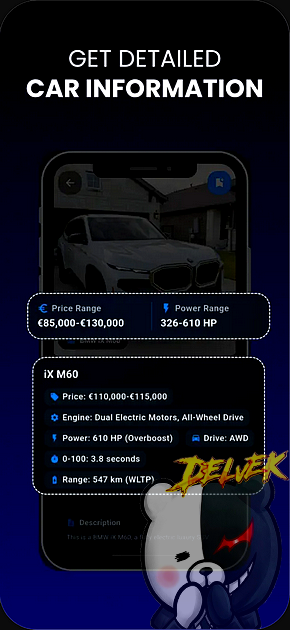 Car Identifier - WhatCar iPhone screenshot 3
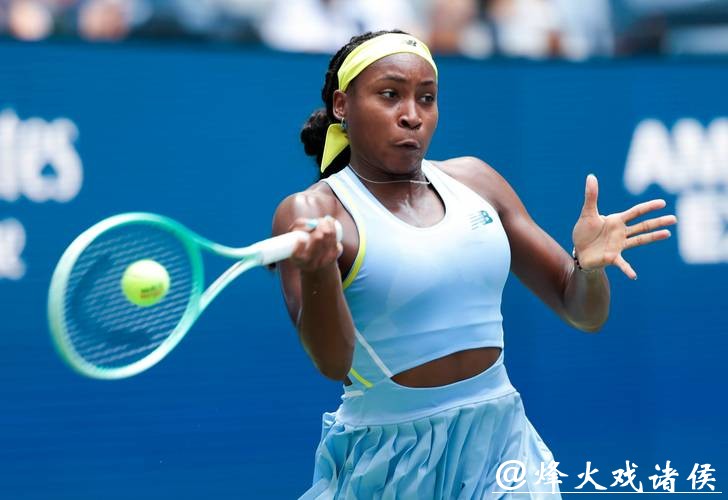 挺进澳网八强,“双误女王”高芙能否延续神奇记录? 挺进澳网八强,“双误女王”高芙能否延续神奇记录?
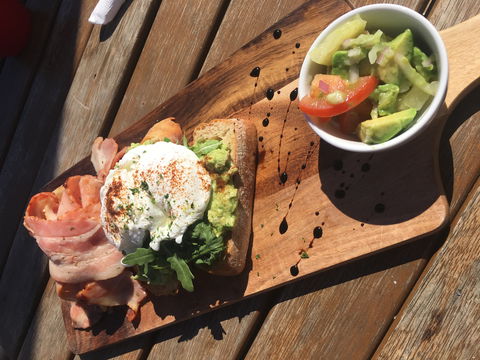 Beachcomber Cafe - ACT Tourism 1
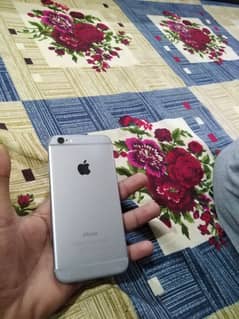 IPhone 6 non pta 128gb space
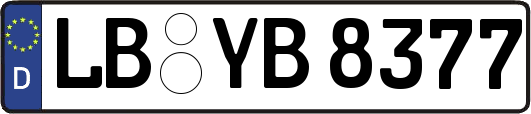 LB-YB8377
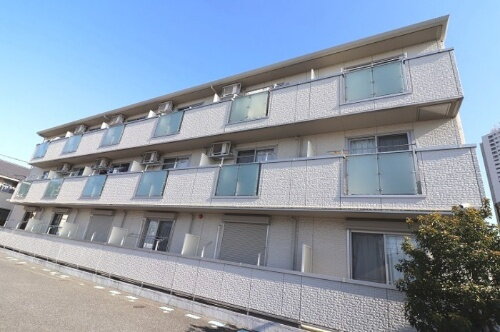 埼玉県さいたま市中央区上落合３丁目 賃貸アパート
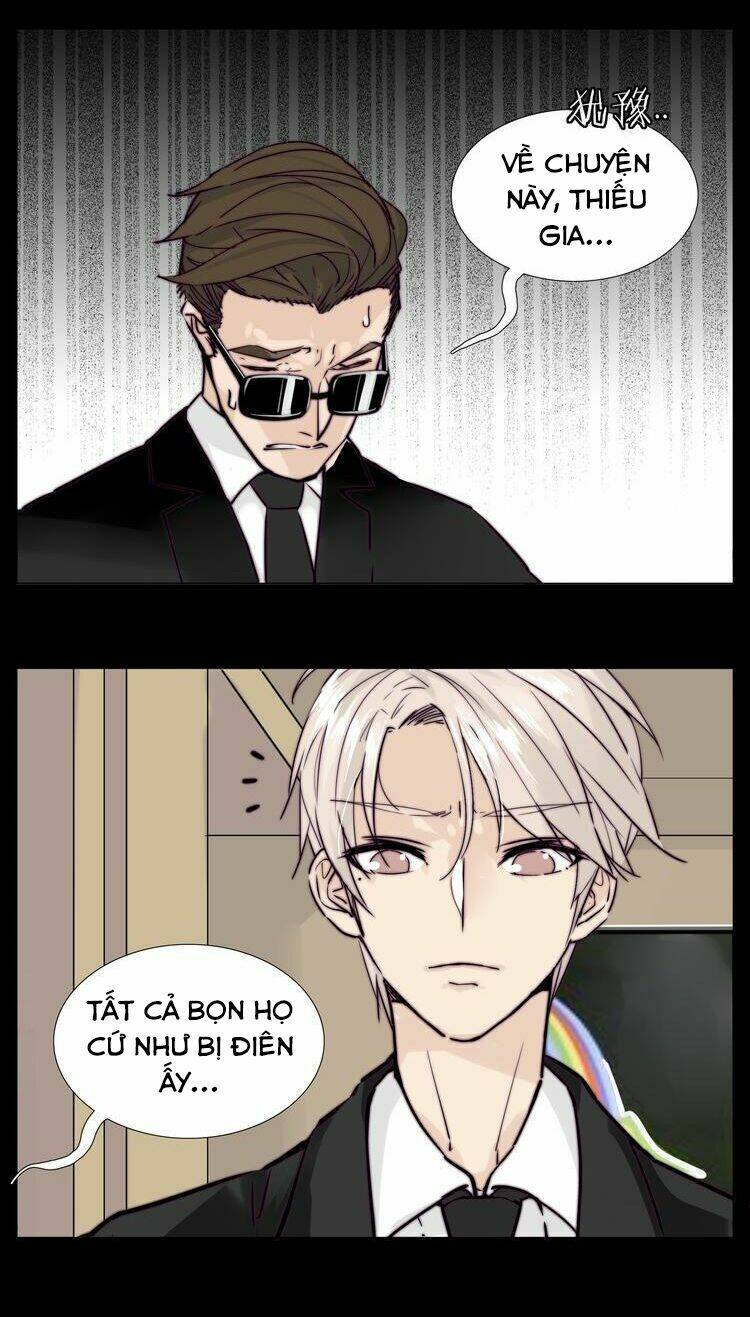 lấp lánh tình yêu kẹo bạc hà chapter 64 3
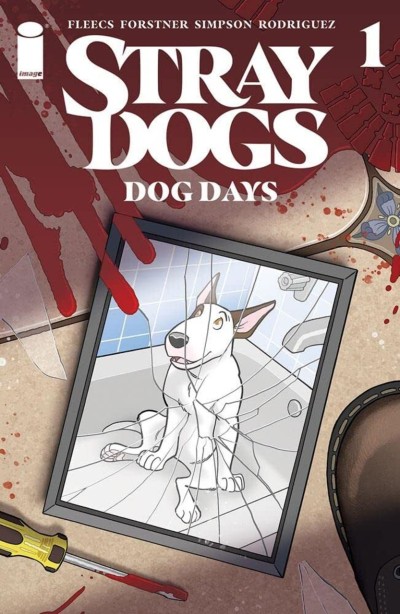 Stray Dogs: Dog Days (2021) - Series 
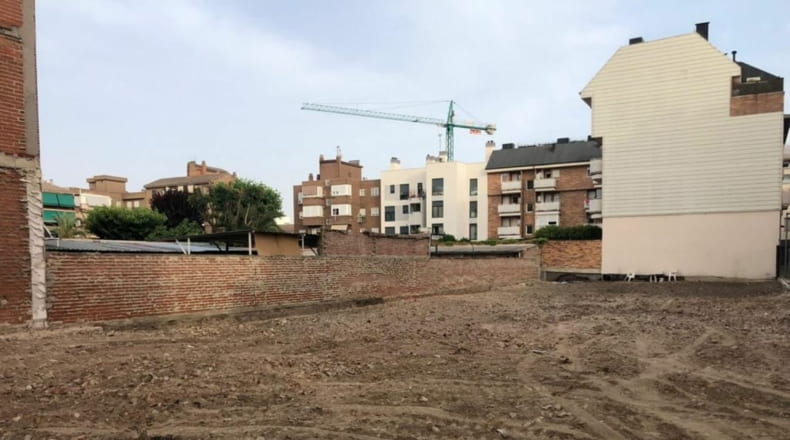 Bajos(3) - Residencial Carabanchel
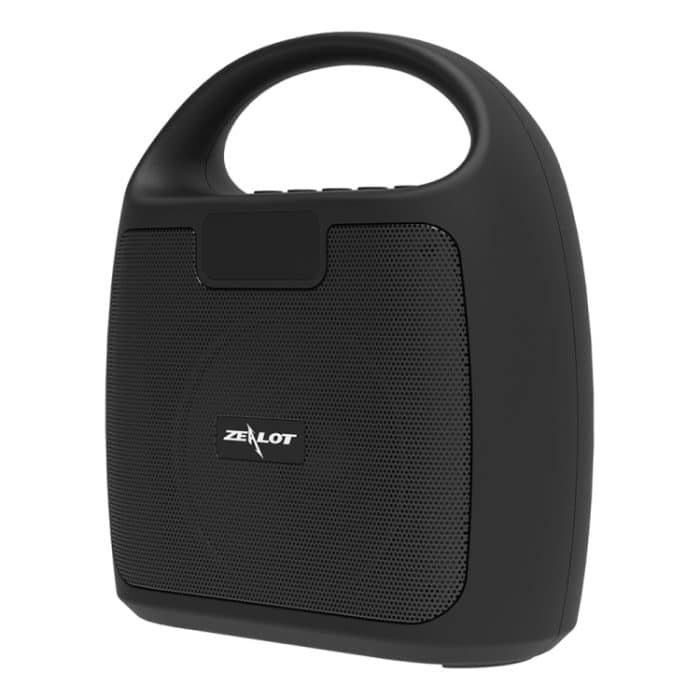 ZEALOT S42 Tragbarer FM-Radio-Bluetooth-Lautsprecher mit integriertem Mikrofon, unterstützt Freisprechen, TF-Karte und AUX – Bild 14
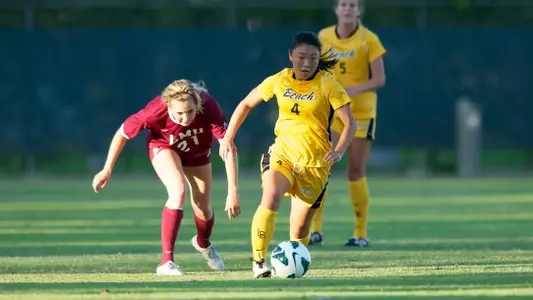 Mimi Akaogi (Photo by John Fajardo/LBSU)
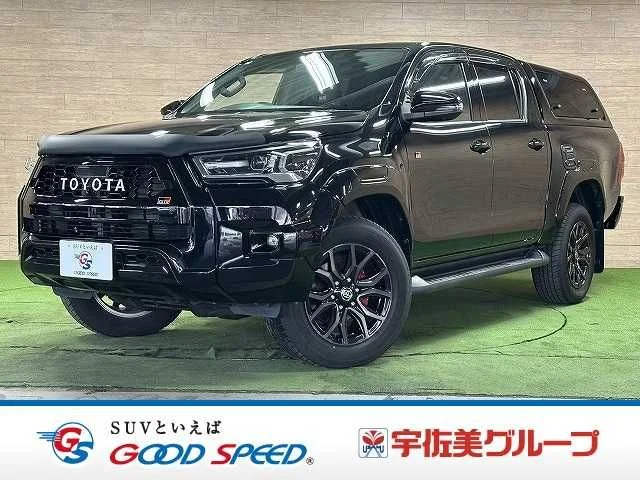 Toyota HILUX 4WD Z　GR　スポーツ 2022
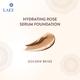 Lafz Rose Serum Foundation, Gloden Beige 30 ml - Foundation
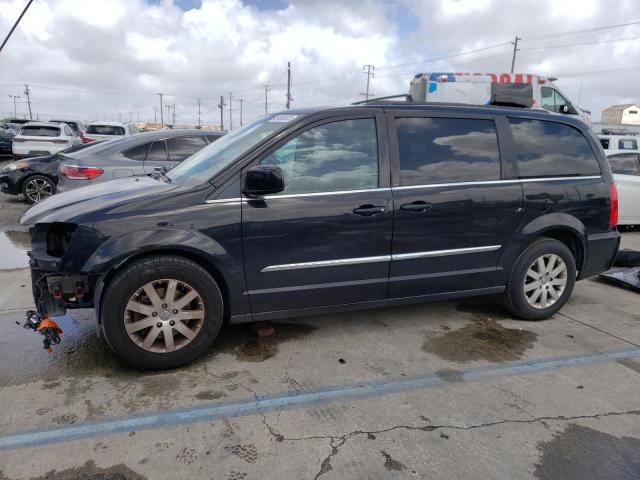 CHRYSLER TOWN & COU 2013 with VIN 2C4RC1BG7DR573388 - Photo from auction
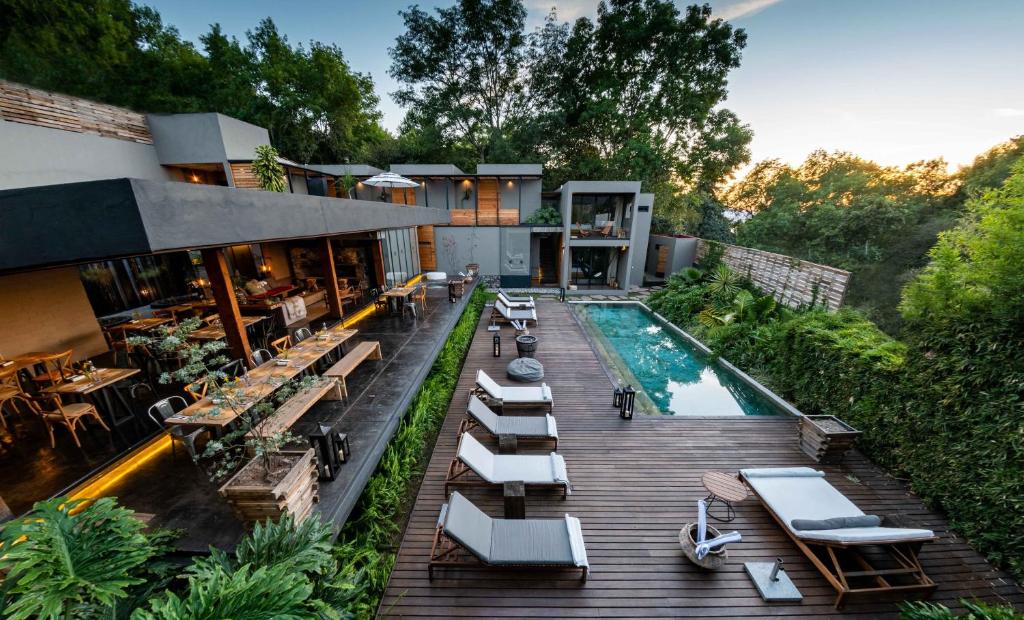 Casa Chichipicas Hotel Boutique — Hotel in Valle De Bravo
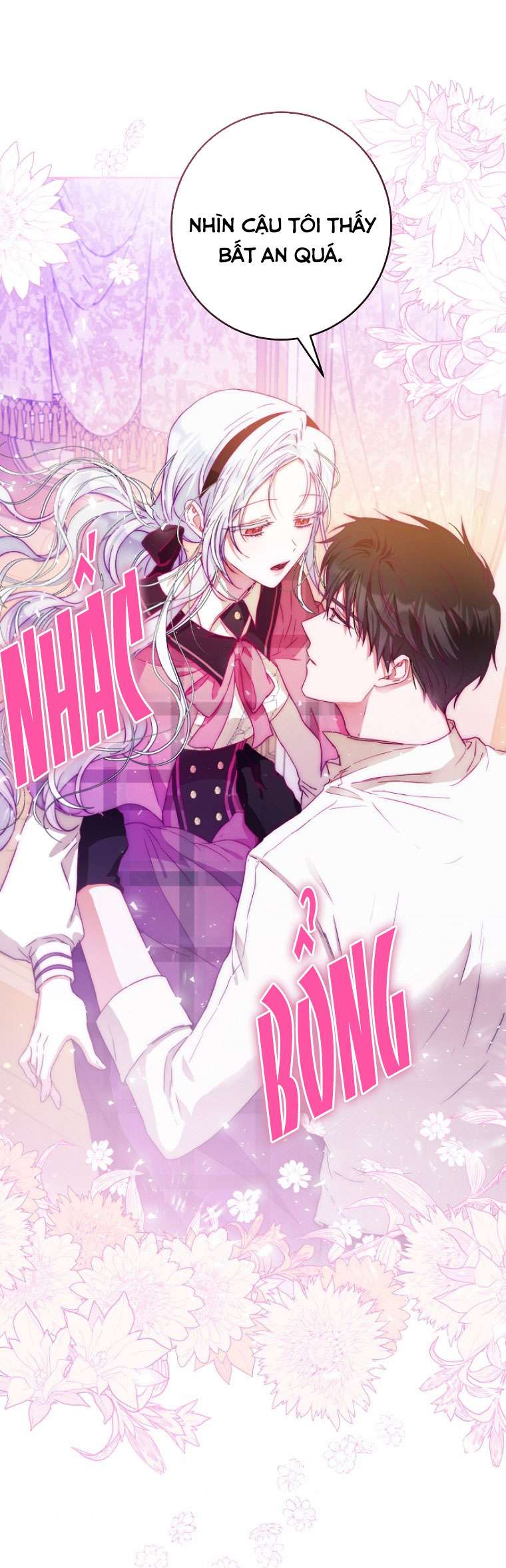 Tôi Trở Thành Vợ Của Nam Chính Chap 43 - Trang 3
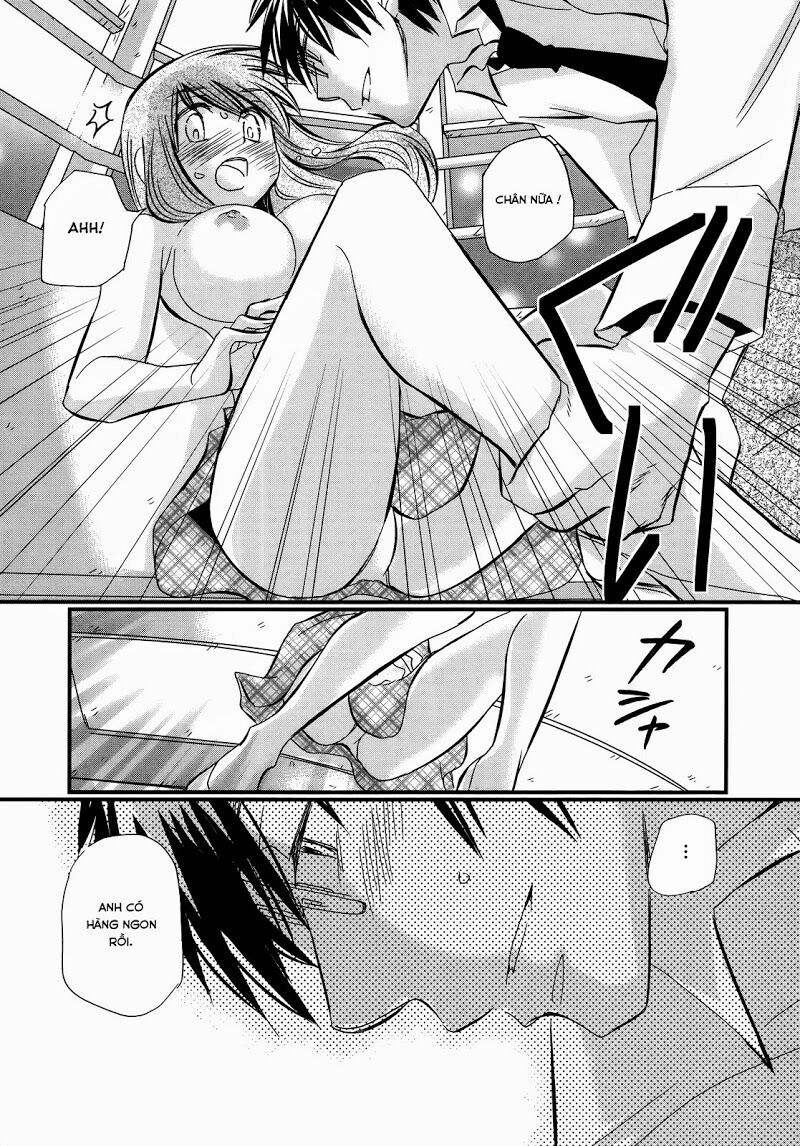 usotsuki paradox chapter 21.2 17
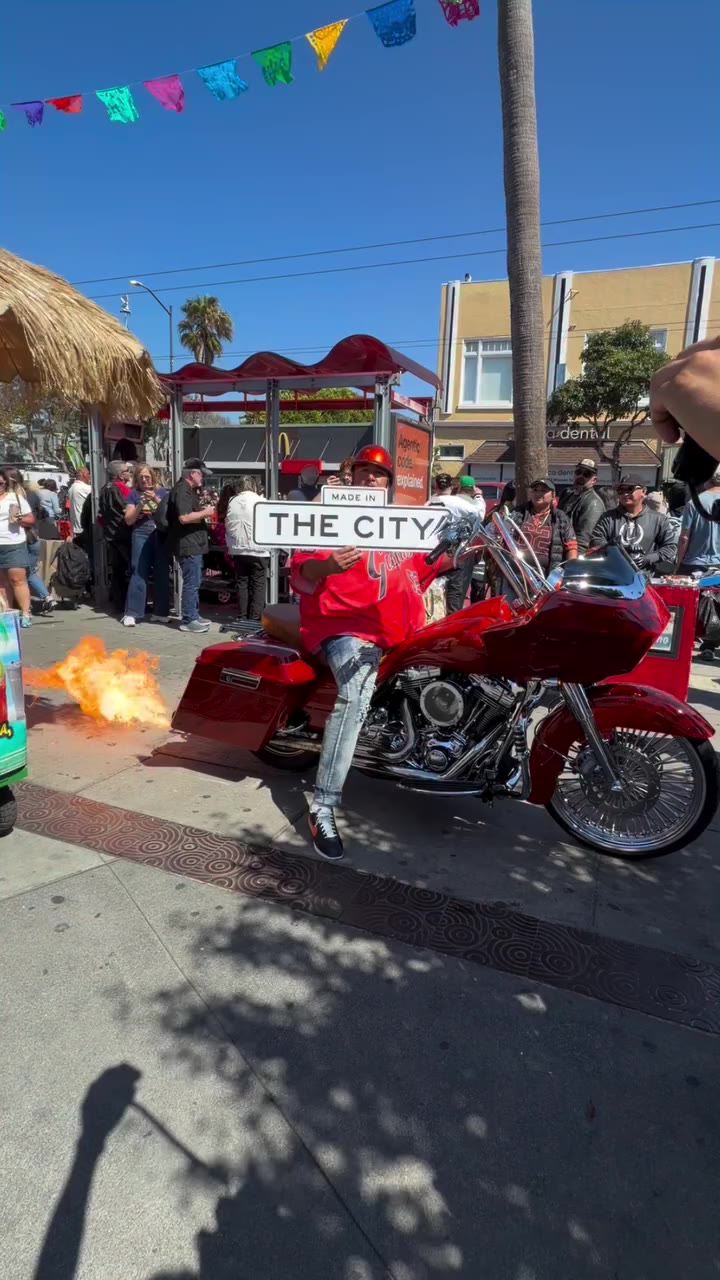 Frisco, CA. #MadeInTheCity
***
What to do: All lines from the line with "CHRYSLER TOWN &" through the final line of the data, both included, are to be repeated exactly; no other lines and no pictures.

Exercise output:
 CHRYSLER TOWN & COU 2013 with VIN 2C4RC1BG7DR573388 - Photo from auction
 Casa Chichipicas Hotel Boutique — Hotel in Valle De Bravo
 Tôi Trở Thành Vợ Của Nam Chính Chap 43 - Trang 3
 usotsuki paradox chapter 21.2 17
 Frisco, CA. #MadeInTheCity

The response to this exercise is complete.